If the ratio of the radius of a nucleus with 61 neutrons to that of helium nucleus is 3 , then the atomic number of this nucleus is

To solve the problem, we need to find the atomic number of a nucleus that has 61 neutrons and a radius ratio of 3 compared to a helium nucleus.
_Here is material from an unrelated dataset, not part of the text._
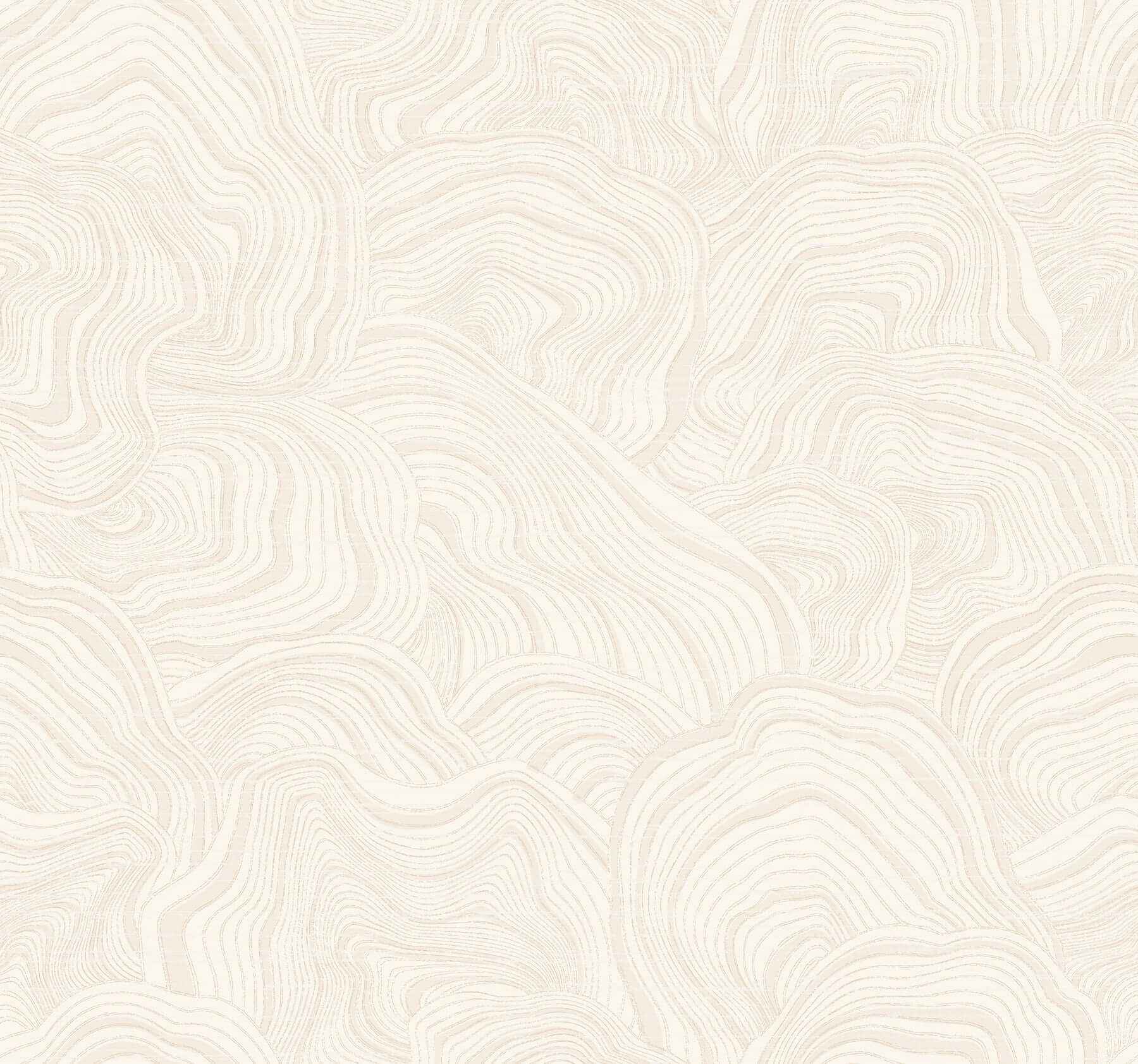 Geodes White Wallpaper - York Wallcoverings - GT4529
Here’s a step-by-step breakdown of the solution: ### Step 1: Understand the relationship between radius and mass number The radius \( R \) of a nucleus is related to its mass number \( A \) by the formula: \[ R \propto A^{1/3} \] This means that the radius of a nucleus is proportional to the cube root of its mass number. ### Step 2: Set up the ratio of the radii Given that the ratio of the radius of the nucleus with 61 neutrons (let's call it nucleus 1) to the radius of the helium nucleus (nucleus 2) is 3, we can express this as: \[ \frac{R_1}{R_2} = 3 \] ### Step 3: Relate the mass numbers using the radius ratio Using the relationship from Step 1, we can write: \[ \frac{R_1}{R_2} = \left(\frac{A_1}{A_2}\right)^{1/3} \] Substituting the radius ratio into this equation gives us: \[ 3 = \left(\frac{A_1}{A_2}\right)^{1/3} \] ### Step 4: Cube both sides to eliminate the exponent Cubing both sides of the equation results in: \[ 3^3 = \frac{A_1}{A_2} \] \[ 27 = \frac{A_1}{A_2} \] ### Step 5: Find the mass number of the nucleus Since the mass number of helium \( A_2 \) is 4, we can substitute this value into the equation: \[ A_1 = 27 \times A_2 = 27 \times 4 = 108 \] ### Step 6: Relate mass number to neutrons and atomic number The mass number \( A \) is related to the number of neutrons \( N \) and the atomic number \( Z \) by the equation: \[ A = N + Z \] We know \( N = 61 \) (the number of neutrons) and \( A = 108 \) (the mass number we just calculated). Thus: \[ 108 = 61 + Z \] ### Step 7: Solve for the atomic number \( Z \) Rearranging the equation gives: \[ Z = 108 - 61 = 47 \] ### Conclusion The atomic number of the nucleus is \( Z = 47 \).